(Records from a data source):
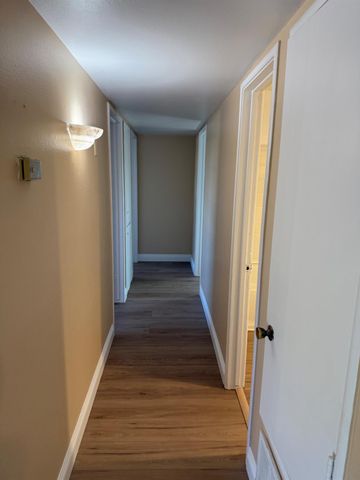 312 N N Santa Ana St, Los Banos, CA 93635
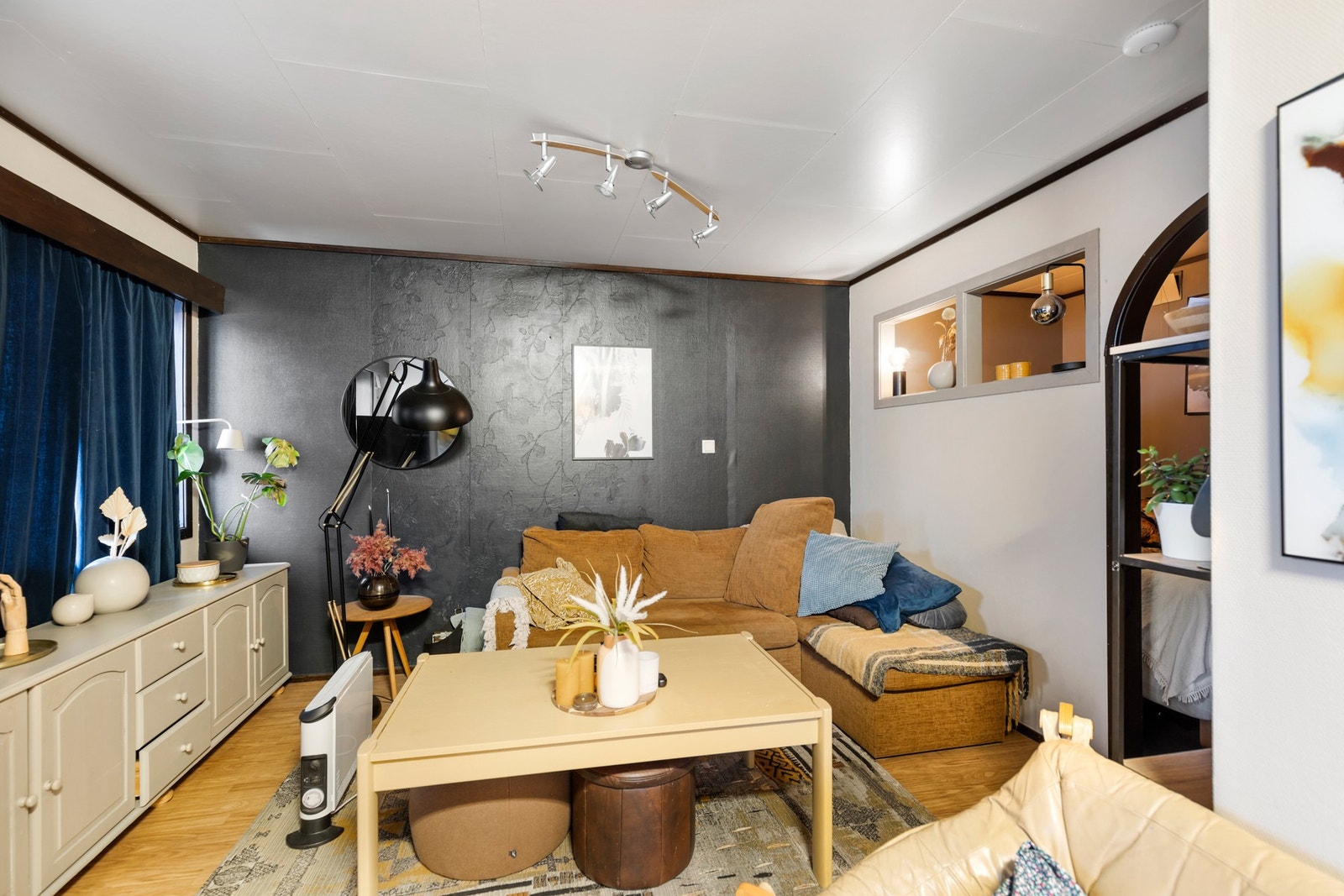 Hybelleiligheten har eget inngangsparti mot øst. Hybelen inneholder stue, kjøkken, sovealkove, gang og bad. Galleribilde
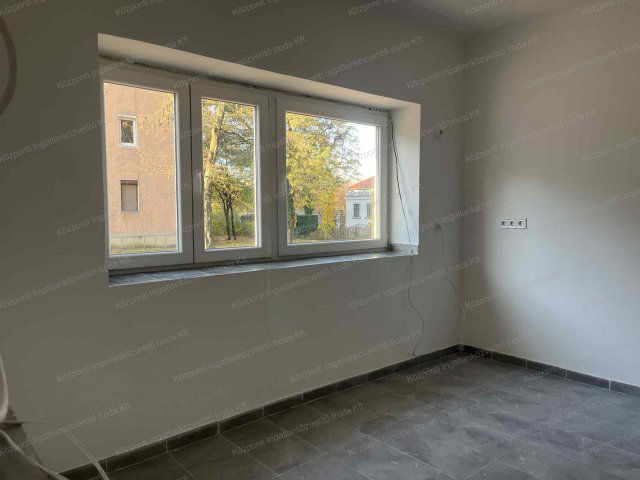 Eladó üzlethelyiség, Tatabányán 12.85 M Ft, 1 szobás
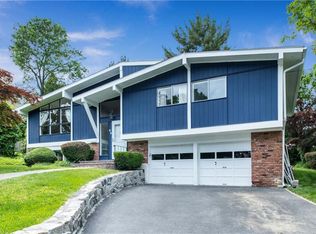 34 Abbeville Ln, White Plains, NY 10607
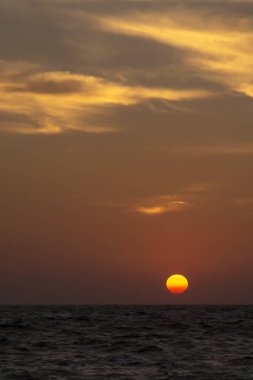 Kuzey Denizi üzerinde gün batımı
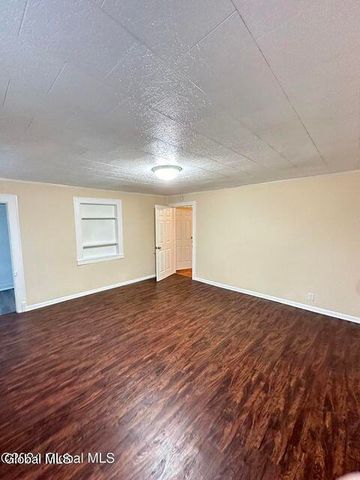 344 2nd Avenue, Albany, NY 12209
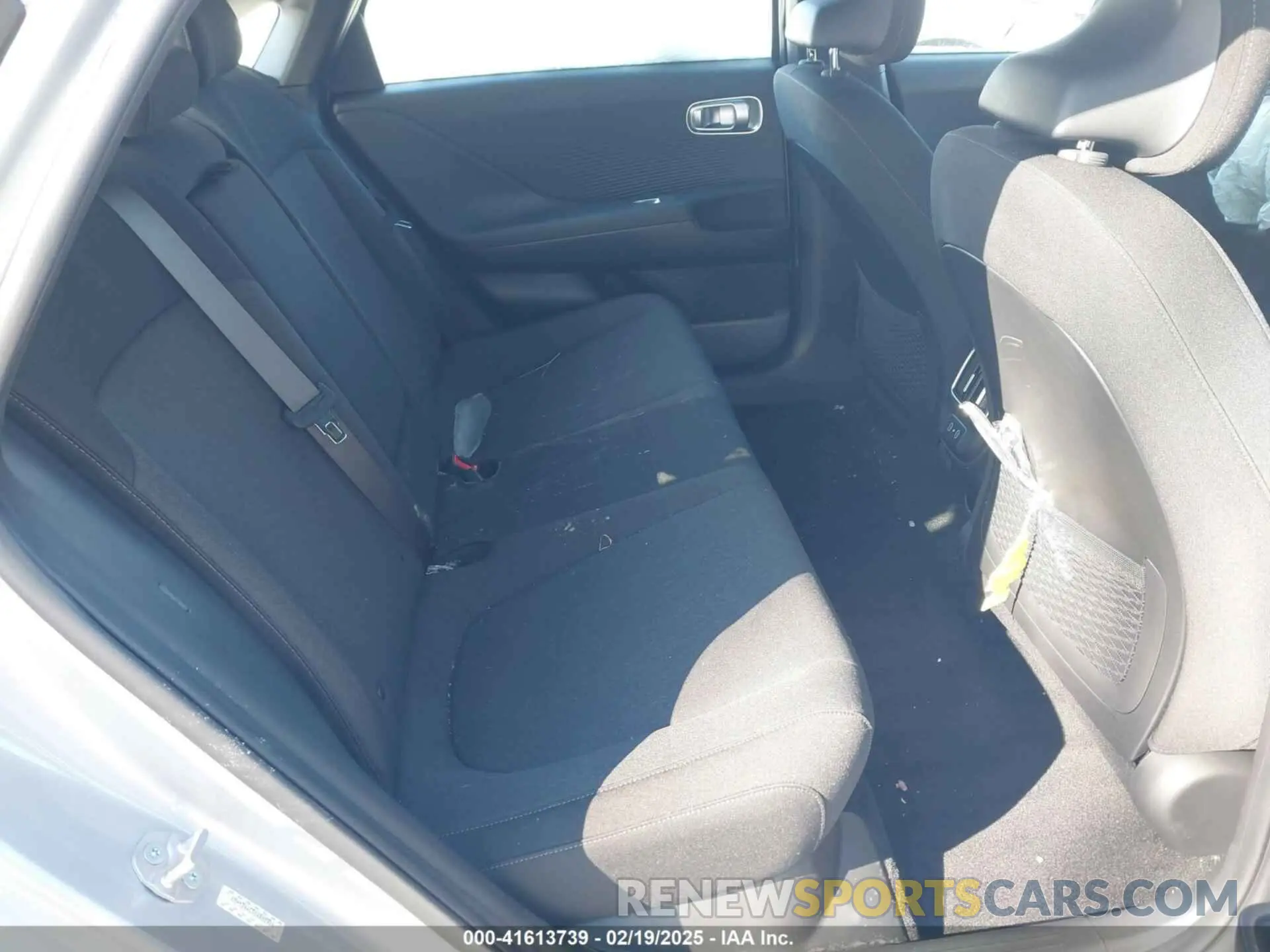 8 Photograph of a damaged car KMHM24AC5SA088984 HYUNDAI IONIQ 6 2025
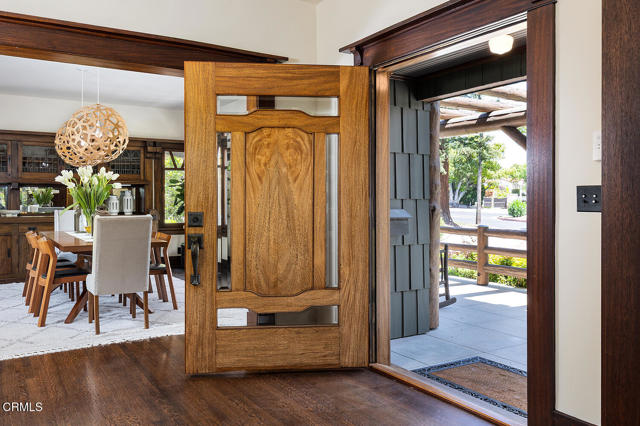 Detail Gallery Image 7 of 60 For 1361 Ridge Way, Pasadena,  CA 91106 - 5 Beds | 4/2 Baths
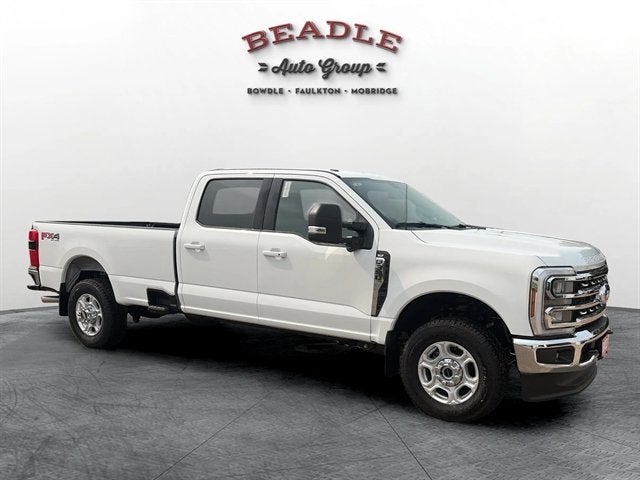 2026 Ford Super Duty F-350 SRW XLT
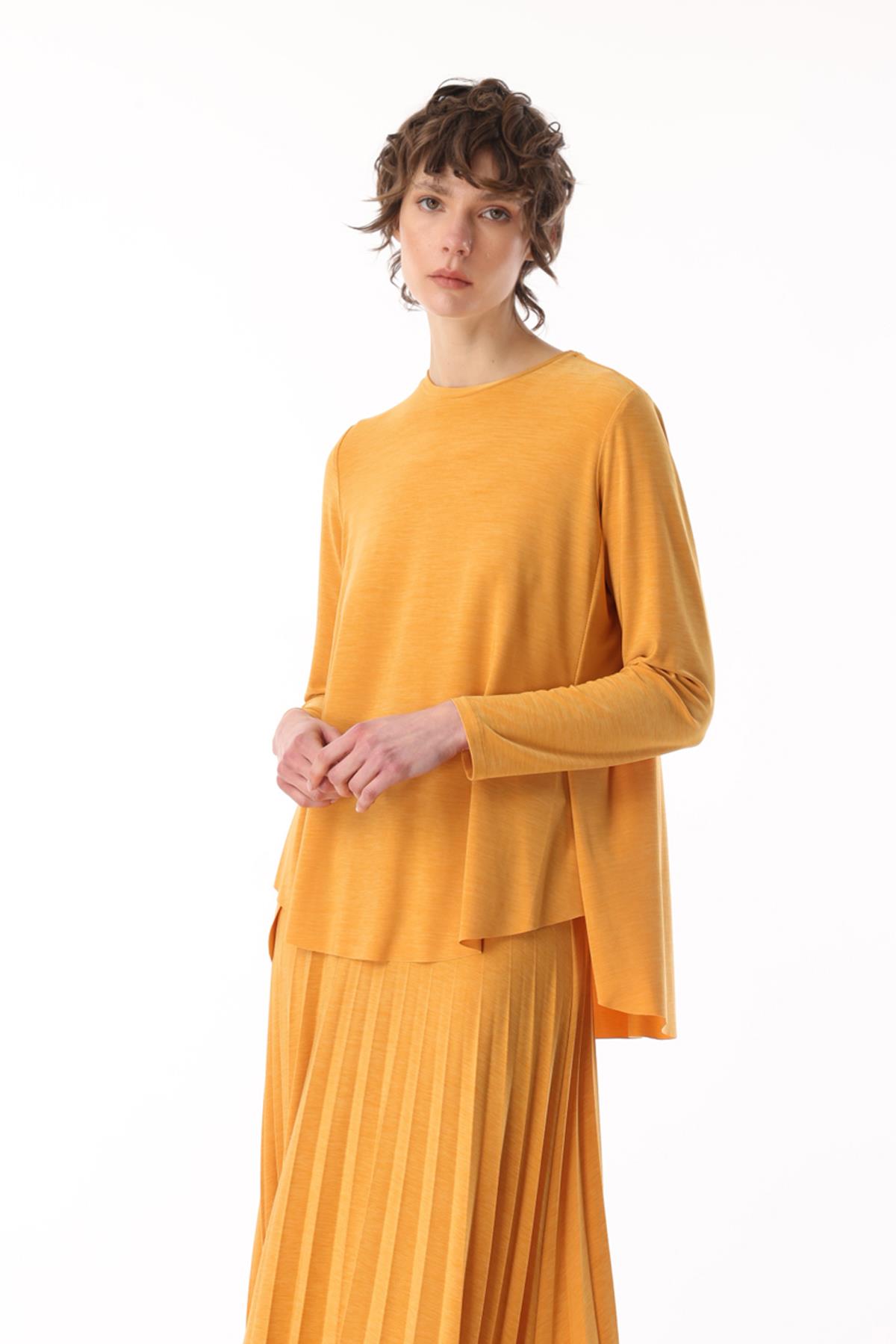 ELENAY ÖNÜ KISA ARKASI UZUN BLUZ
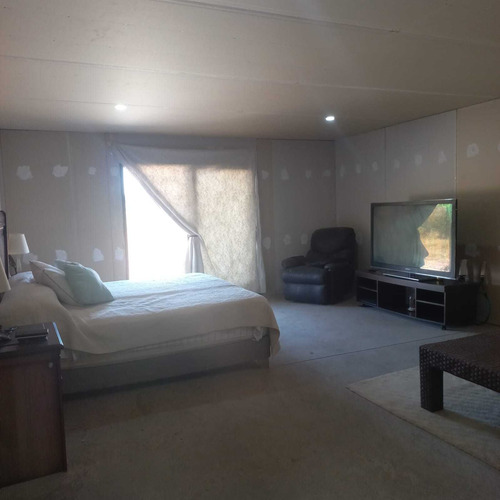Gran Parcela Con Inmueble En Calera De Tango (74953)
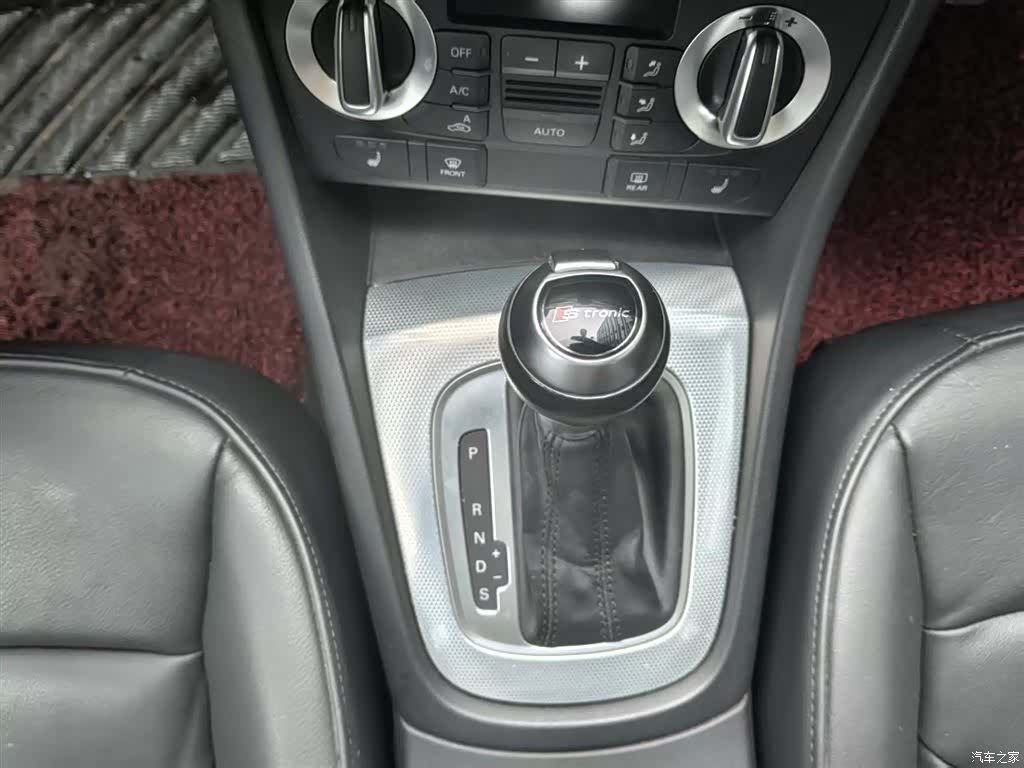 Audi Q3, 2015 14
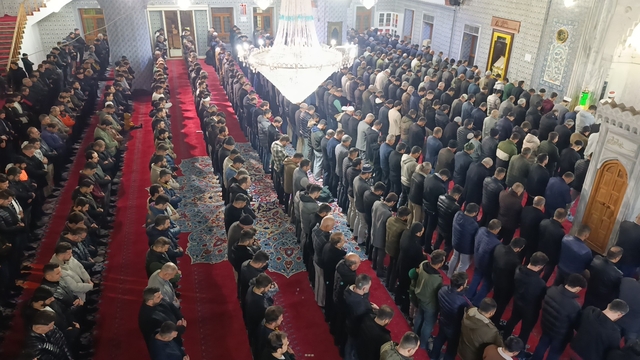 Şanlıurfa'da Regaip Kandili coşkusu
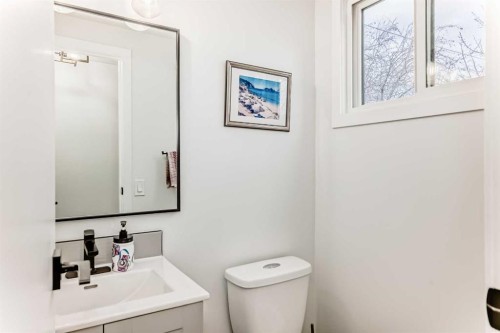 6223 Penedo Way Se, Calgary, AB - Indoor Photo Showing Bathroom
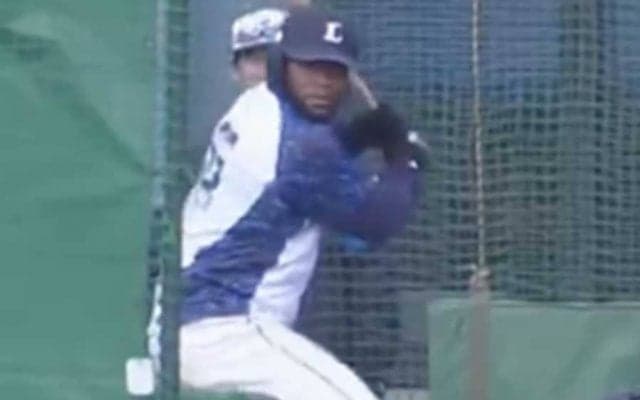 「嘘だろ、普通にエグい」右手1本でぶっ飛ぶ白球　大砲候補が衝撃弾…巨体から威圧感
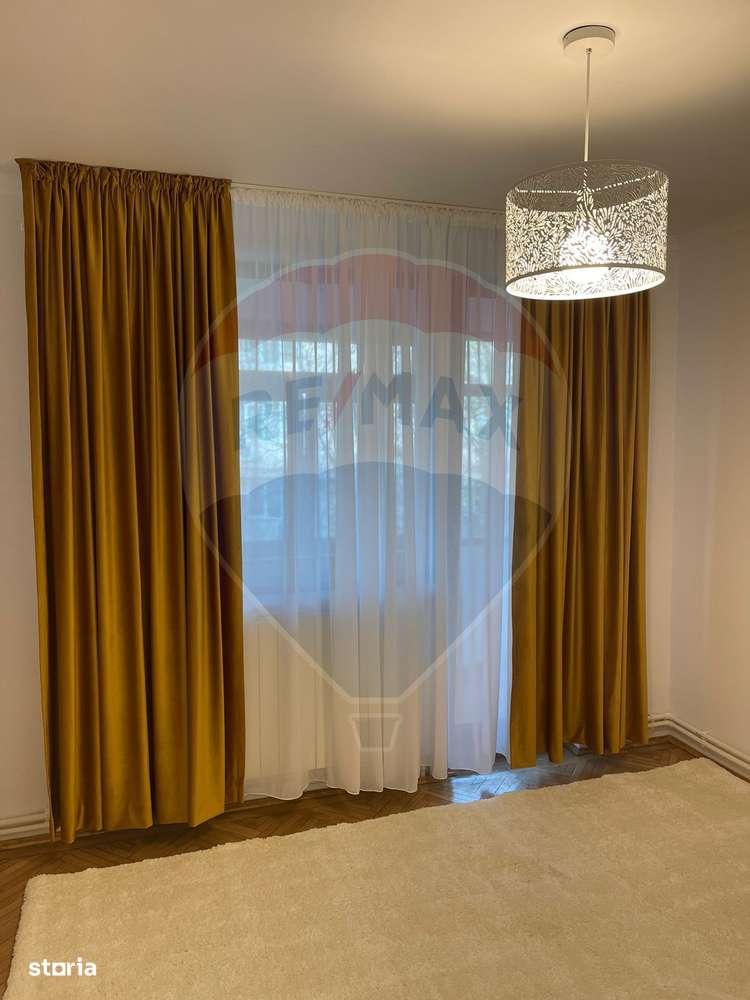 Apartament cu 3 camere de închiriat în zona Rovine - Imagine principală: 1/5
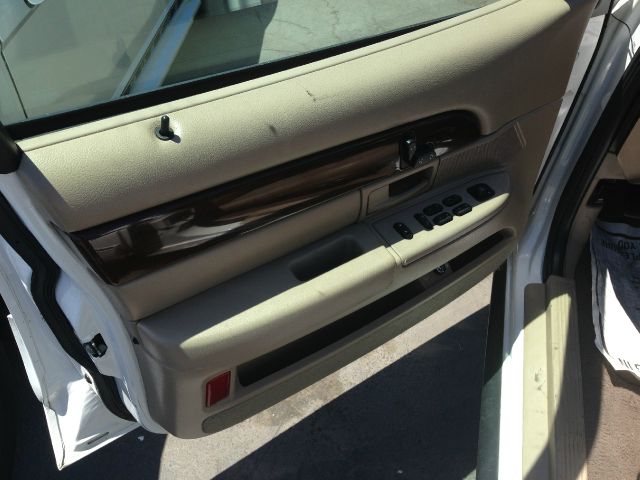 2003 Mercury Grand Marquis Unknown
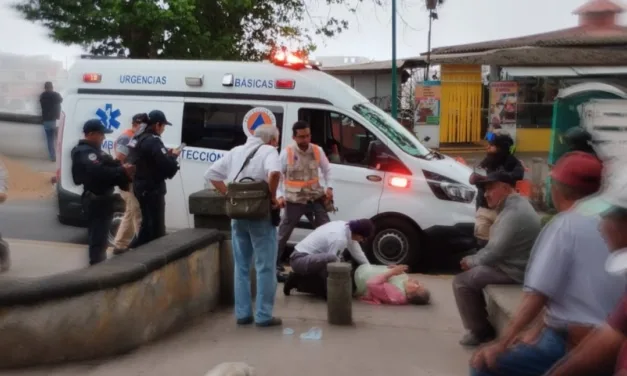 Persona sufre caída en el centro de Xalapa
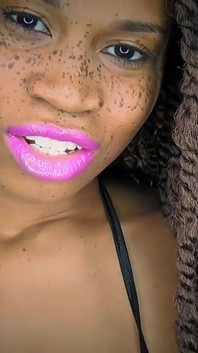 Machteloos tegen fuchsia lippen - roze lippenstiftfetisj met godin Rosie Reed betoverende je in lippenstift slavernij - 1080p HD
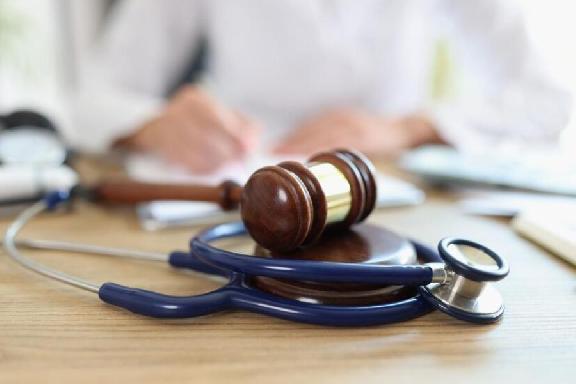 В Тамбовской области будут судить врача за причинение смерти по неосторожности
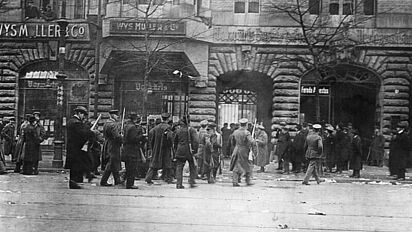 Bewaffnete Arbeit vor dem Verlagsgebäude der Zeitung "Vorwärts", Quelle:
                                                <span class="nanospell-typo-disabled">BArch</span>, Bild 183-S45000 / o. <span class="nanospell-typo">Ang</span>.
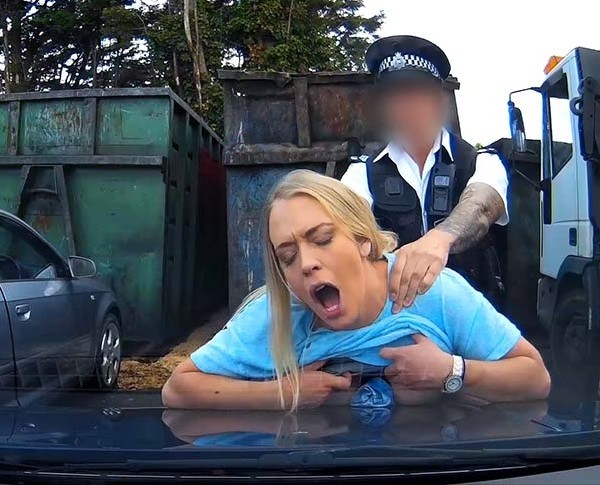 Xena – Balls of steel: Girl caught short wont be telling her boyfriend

(EXERCISE BRIEF): Quote every entry exactly, with the pictures omitted.

(EXERCISE ANSWER):
 312 N N Santa Ana St, Los Banos, CA 93635
 Hybelleiligheten har eget inngangsparti mot øst. Hybelen inneholder stue, kjøkken, sovealkove, gang og bad. Galleribilde
 Eladó üzlethelyiség, Tatabányán 12.85 M Ft, 1 szobás
 34 Abbeville Ln, White Plains, NY 10607
 Kuzey Denizi üzerinde gün batımı
 344 2nd Avenue, Albany, NY 12209
 8 Photograph of a damaged car KMHM24AC5SA088984 HYUNDAI IONIQ 6 2025
 Detail Gallery Image 7 of 60 For 1361 Ridge Way, Pasadena,  CA 91106 - 5 Beds | 4/2 Baths
 2026 Ford Super Duty F-350 SRW XLT
 ELENAY ÖNÜ KISA ARKASI UZUN BLUZ
Gran Parcela Con Inmueble En Calera De Tango (74953)
 Audi Q3, 2015 14
 Şanlıurfa'da Regaip Kandili coşkusu
 6223 Penedo Way Se, Calgary, AB - Indoor Photo Showing Bathroom
 「嘘だろ、普通にエグい」右手1本でぶっ飛ぶ白球　大砲候補が衝撃弾…巨体から威圧感
 Apartament cu 3 camere de închiriat în zona Rovine - Imagine principală: 1/5
 2003 Mercury Grand Marquis Unknown
 Persona sufre caída en el centro de Xalapa
 Machteloos tegen fuchsia lippen - roze lippenstiftfetisj met godin Rosie Reed betoverende je in lippenstift slavernij - 1080p HD
 В Тамбовской области будут судить врача за причинение смерти по неосторожности
 Bewaffnete Arbeit vor dem Verlagsgebäude der Zeitung "Vorwärts", Quelle:
                                                <span class="nanospell-typo-disabled">BArch</span>, Bild 183-S45000 / o. <span class="nanospell-typo">Ang</span>.
 Xena – Balls of steel: Girl caught short wont be telling her boyfriend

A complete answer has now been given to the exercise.